• [Exercise]: Reproduce word for word, from the entries below, the line with "May include: A", the line with "5 Cool Mods", and every line between them, and nothing more.

(Beginning of Records for this exercise)

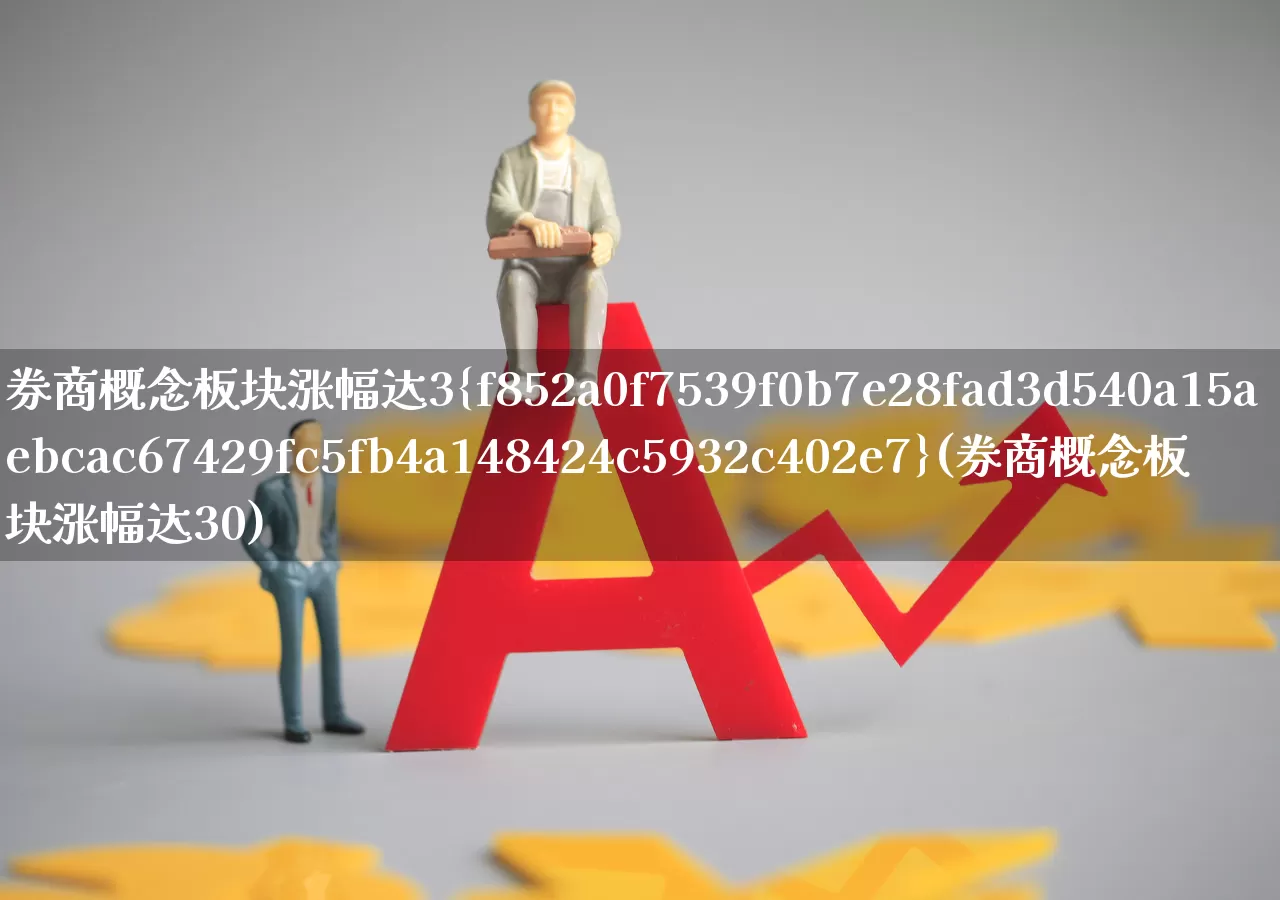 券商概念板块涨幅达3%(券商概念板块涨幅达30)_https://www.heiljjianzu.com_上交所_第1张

(End of Records for this exercise)
(Beginning of Records for this exercise)

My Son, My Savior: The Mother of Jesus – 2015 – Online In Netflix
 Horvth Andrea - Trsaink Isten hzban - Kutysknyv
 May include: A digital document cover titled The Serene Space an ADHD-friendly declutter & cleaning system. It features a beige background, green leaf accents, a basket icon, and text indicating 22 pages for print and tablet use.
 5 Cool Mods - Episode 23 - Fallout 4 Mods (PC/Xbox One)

(End of Records for this exercise)

• [Response area]:
 May include: A digital document cover titled The Serene Space an ADHD-friendly declutter & cleaning system. It features a beige background, green leaf accents, a basket icon, and text indicating 22 pages for print and tablet use.
 5 Cool Mods - Episode 23 - Fallout 4 Mods (PC/Xbox One)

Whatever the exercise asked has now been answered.